Desde então é uma militante discreta da Assembleia de Deus, onde, entretanto, é vista com uma certa desconfiança por considerarem-na, ao contrário do que se costuma dizer dela, como demasiadamente liberal e progressista para os cânones fortemente conservadores da mencionada igreja. Chegou a propor um plebiscito popular para discutir os temas do aborto, as drogas e o casamento homossexual, temas considerados tabus e diabólicos por seus correligionários evangélicos.

Seus adversários políticos a acusam de falta de experiência para governar o país e de sentir-se “predestinada”. Dizem que é “uma pessoa dócil com mãos de ferro”, inflexível em suas decisões.Outro ambientalista, Dener Giovanni, chegou a pintar Marina como um personagem que se move entre “o lavar as mãos” e o “silêncio covarde das convicções”. A analista política Dora Kramer afirma, entretanto, que a candidata socialista é uma política intransigente mas incapaz de “golpes baixos” e que tem como lema que na política, como na vida, “nem tudo vale”.

Marina, que se casou duas vezes, é mãe de quatro filhos. Difícil poder definir e enquadrar um personagem tão complexo, multifacetado, enigmático e, ao mesmo tempo, de forte magnetismo e rigor ético que a torna simpática para os mais jovens e os antipolítica. Tirou seu lema de vida pública e privada dos evangélicos que a pedem para ser, diz, “sensível como uma pomba e astuta como uma serpente”. Será correto dizer que na política é mais serpente que pomba?

Seu trabalho é muito mais reconhecido e admirado fora do Brasil do que em casa. Em 1996, aos 38 anos, recebeu nos Estados Unidos o Prêmio Goldam de Meio Ambiente para a América Latina e Caribe. Em 2007, a ONU lhe concedeu o Champions of the Earth, o maior galardão da instituição no campo ambiental. Nesse mesmo ano, o jornal britânico The Guardian colocou a senadora Marina Silva como uma das 50 pessoas do mundo capazes de ajudar a salvar o Planeta. Nas Olimpíadas de Londres em 2012, foi convidada na inauguração a levar a bandeira dos jogos junto com o Secretário Geral da ONU, Ban Ki-moon e vários prêmios Nobel. Ela costuma lembrar a citação evangélica de que “ninguém é profeta em sua terra”.
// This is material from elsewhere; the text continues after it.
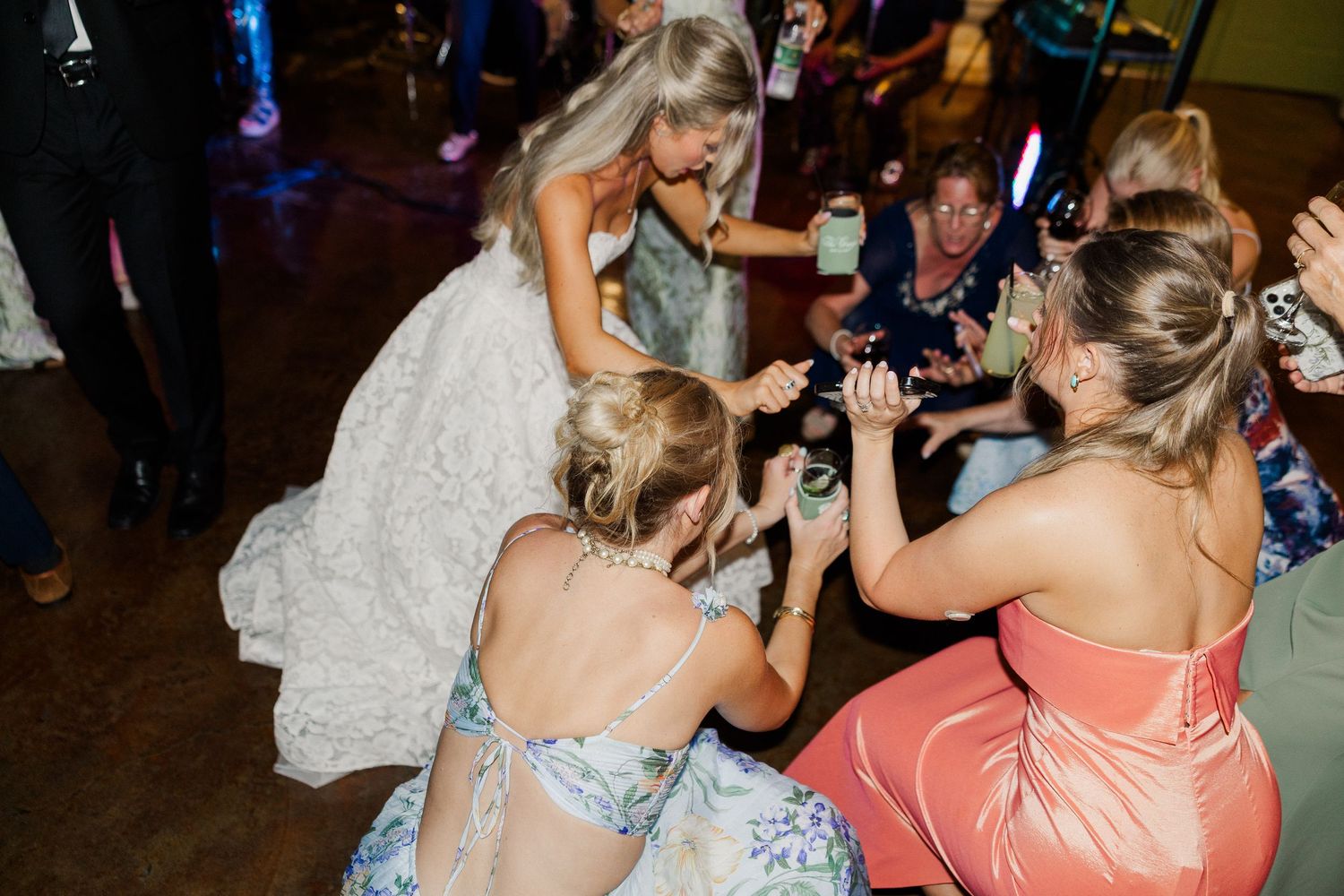 Bride celebrates on the dance floor with bridesmaids during lively wedding reception party.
Seu último grande desafio será agora enfrentar nas urnas em outubro a poderosa candidata e presidenta, Dilma Rousseff, mais agnóstica do que crente, mas que apenas alguns dias atrás leu textos bíblicos diante de 5.000 pastores evangélicos para quem lhes pediu a benção. Já há quem profetize entre ambas uma nova luta bíblica no estilo do pequeno Davi contra o gigante Golias. No Brasil, como em toda a América Latina, ninguém parece escapar, como Miguel Ángel Bastenier bem escreveu neste jornal, ao inelutável destino dos deuses.